You will surely love this nutritious and delicious Vegan Spanish Omelette which is a typical Spanish Recipe. It is popularly known as Tortilla De Patatas or Tortilla Espanola.

This recipe is quite effortless and requires very few basic pantry ingredients. Traditional recipe uses eggs and deep fried potatoes.
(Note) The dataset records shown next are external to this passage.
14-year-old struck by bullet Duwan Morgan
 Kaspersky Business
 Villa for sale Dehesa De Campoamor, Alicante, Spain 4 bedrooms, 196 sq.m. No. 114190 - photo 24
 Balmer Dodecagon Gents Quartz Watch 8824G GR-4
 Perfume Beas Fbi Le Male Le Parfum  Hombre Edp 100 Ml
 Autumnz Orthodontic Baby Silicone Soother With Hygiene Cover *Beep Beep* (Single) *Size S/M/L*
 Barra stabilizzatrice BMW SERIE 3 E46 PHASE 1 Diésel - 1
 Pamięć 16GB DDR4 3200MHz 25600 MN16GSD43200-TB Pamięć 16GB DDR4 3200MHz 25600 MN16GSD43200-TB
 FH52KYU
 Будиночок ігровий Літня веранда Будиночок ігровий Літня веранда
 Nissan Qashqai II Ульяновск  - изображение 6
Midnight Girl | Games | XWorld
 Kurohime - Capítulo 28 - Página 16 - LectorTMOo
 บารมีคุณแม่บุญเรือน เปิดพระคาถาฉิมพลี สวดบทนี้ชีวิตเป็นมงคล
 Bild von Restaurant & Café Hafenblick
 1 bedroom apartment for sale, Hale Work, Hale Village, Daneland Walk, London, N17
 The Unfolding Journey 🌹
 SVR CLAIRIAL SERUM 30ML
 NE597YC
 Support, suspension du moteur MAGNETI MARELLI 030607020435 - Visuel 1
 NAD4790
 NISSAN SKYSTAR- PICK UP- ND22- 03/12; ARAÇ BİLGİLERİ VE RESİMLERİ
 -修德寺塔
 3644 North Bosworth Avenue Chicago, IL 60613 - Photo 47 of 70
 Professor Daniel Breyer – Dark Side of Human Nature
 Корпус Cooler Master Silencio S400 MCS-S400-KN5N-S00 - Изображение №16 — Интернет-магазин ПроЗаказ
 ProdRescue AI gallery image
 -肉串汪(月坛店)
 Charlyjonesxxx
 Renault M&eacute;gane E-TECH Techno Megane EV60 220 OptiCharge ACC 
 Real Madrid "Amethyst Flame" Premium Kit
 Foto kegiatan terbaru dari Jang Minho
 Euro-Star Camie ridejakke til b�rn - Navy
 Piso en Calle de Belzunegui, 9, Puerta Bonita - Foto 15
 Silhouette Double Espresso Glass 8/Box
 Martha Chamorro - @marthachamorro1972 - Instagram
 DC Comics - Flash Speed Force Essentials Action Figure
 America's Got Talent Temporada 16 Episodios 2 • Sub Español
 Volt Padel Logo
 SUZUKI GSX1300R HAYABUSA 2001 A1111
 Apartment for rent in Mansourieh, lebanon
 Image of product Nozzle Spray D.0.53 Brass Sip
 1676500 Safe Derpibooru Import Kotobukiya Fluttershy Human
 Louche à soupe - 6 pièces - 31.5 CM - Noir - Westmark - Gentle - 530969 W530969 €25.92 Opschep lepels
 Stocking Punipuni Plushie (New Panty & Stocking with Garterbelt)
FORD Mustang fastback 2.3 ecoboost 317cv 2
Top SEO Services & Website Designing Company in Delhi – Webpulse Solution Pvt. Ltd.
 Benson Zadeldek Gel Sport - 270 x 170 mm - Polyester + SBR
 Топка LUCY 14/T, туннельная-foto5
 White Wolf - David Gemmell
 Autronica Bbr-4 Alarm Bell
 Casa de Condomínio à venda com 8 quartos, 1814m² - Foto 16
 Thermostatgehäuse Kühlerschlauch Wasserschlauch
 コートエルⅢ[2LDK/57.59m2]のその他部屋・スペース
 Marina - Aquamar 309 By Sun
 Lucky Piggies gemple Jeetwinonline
Adding onion is optional.

  • ½ cup Bengal Gram
  • 1 cup Chickpea Flour
  • 1 cup Water
  • 1 tbsp Crushed Garlic
  • 3 large Potatoes (about 400 grams) (Thinly Sliced)
  • 1 medium Onion (about 100 grams) (Thinly Sliced)
  • 1 tsp Salt
  • ½ tsp Crushed Pepper
  • 2 tbsp Olive oil or any cooking oil
  • 1 tbsp Lime Juice (optional)
  1. Soak Bengal Gram in water for about 5 hours.



  2. Once soaked, discard the water .



  3. Add soaked lentils to a blender jar.



  4. Add a cup of fresh water.



  5. Grind to a fine paste.



  6. You can use chickpea flour in place of lentil.



  7. Add 1 cup water to chickpea flour.



  8. Mix thoroughly to make a smooth lump free batter.



  9. Add crushed pepper to the batter.



  10. Squeeze juice of half a lime (about a tbsp) and add to the batter.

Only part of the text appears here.